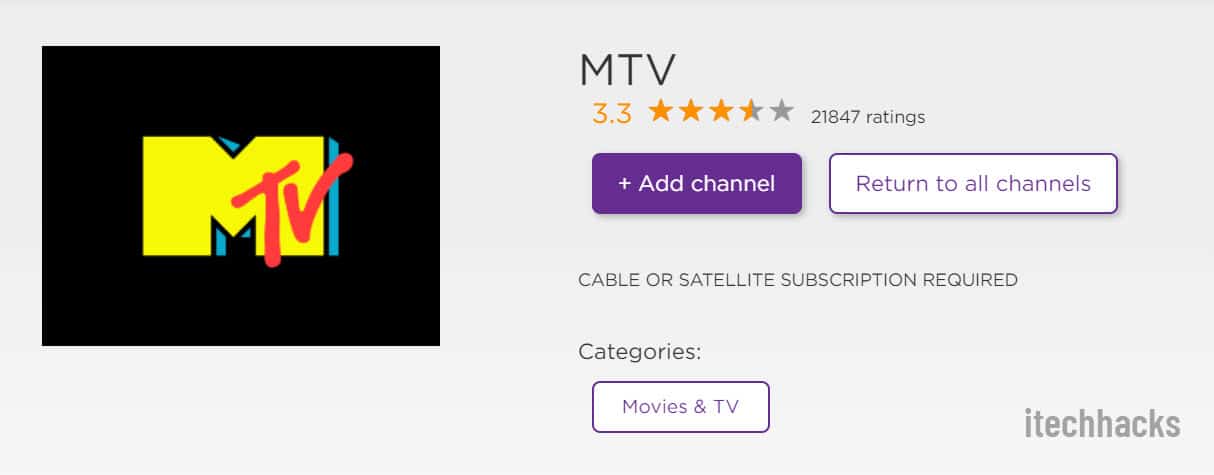 install and activate mtv on roku devices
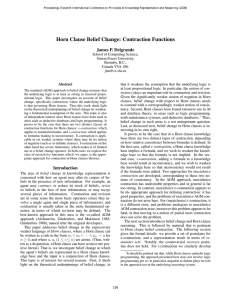 Horn Clause Belief Change: Contraction Functions James P. Delgrande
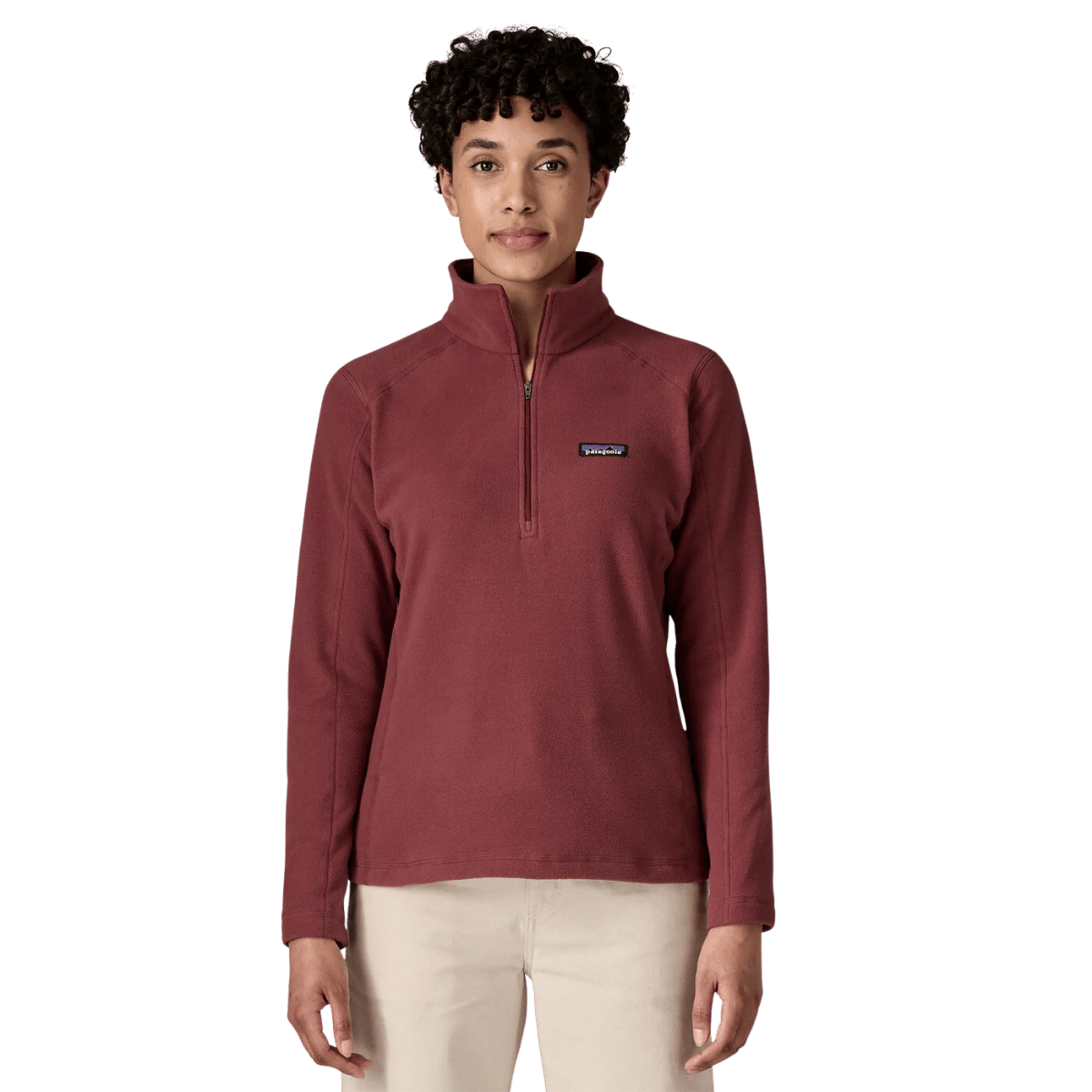 PATAGONIA WOMEN'S MICRO D 1/4 ZIP - SEQUOIA RED WW FRONT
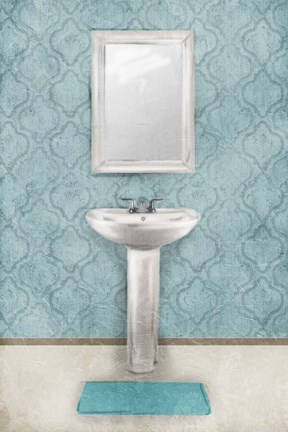 Framed Vintage Teal Sink Print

=== What you have to do ===
Only the pictures are to be left out; restate everything else in the listing word for word.

=== Your response ===
 install and activate mtv on roku devices
 Horn Clause Belief Change: Contraction Functions James P. Delgrande
 PATAGONIA WOMEN'S MICRO D 1/4 ZIP - SEQUOIA RED WW FRONT
 Framed Vintage Teal Sink Print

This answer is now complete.